— Material to process —
•••••

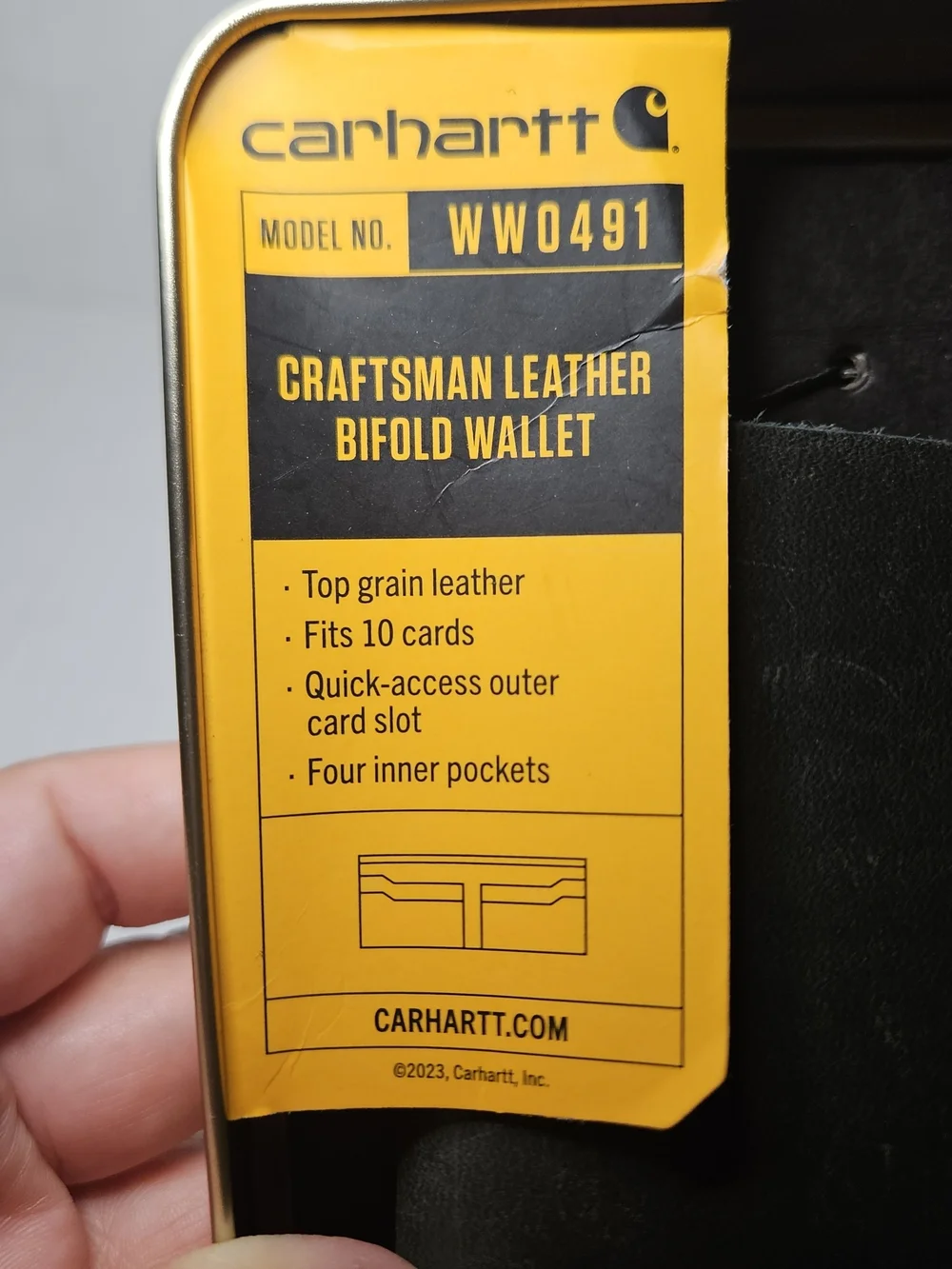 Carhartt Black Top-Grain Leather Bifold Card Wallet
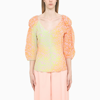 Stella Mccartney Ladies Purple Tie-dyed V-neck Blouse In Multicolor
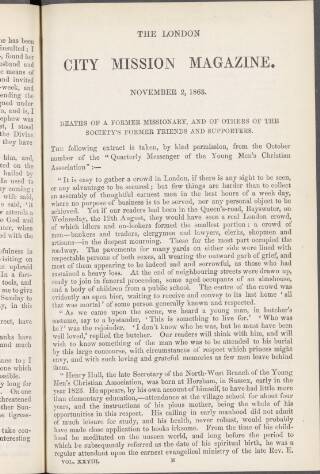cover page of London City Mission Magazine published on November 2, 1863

•••••

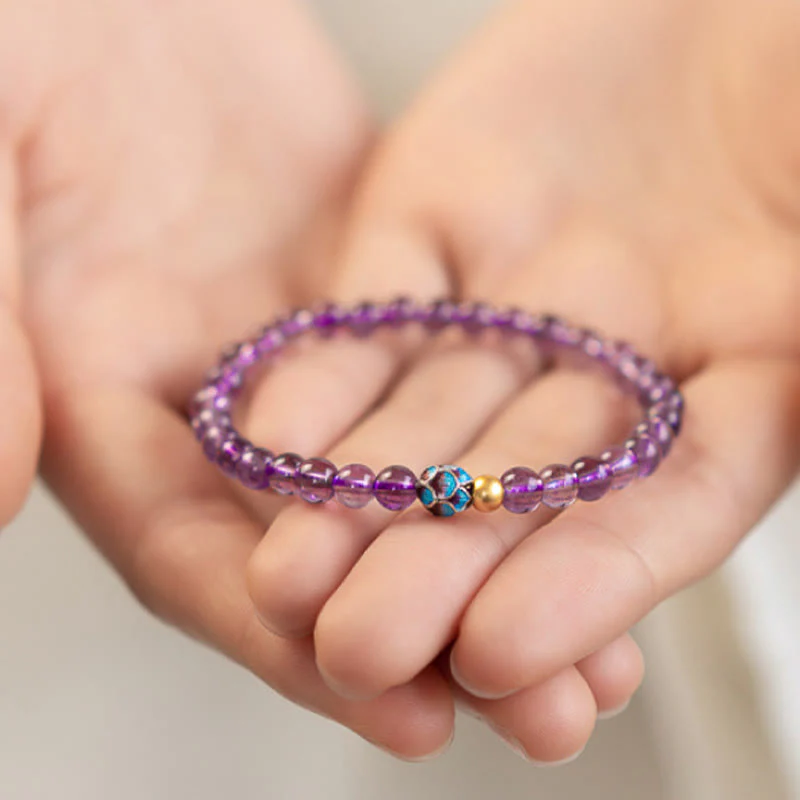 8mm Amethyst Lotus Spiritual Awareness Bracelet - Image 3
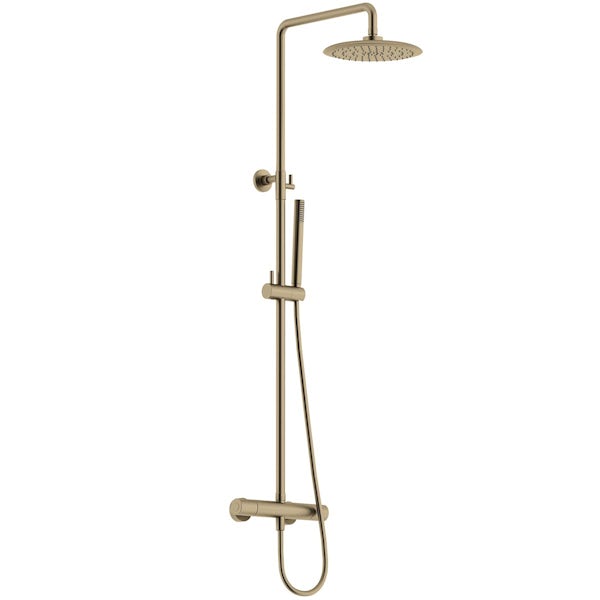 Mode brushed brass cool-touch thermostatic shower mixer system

•••••

— What is needed —
Set down again, word for word, every line from the one with "Carhartt Black Top-Grain" to the one with "cover page of" in the entries above, and omit the pictures.

— Written answer —
 Carhartt Black Top-Grain Leather Bifold Card Wallet
 Stella Mccartney Ladies Purple Tie-dyed V-neck Blouse In Multicolor
cover page of London City Mission Magazine published on November 2, 1863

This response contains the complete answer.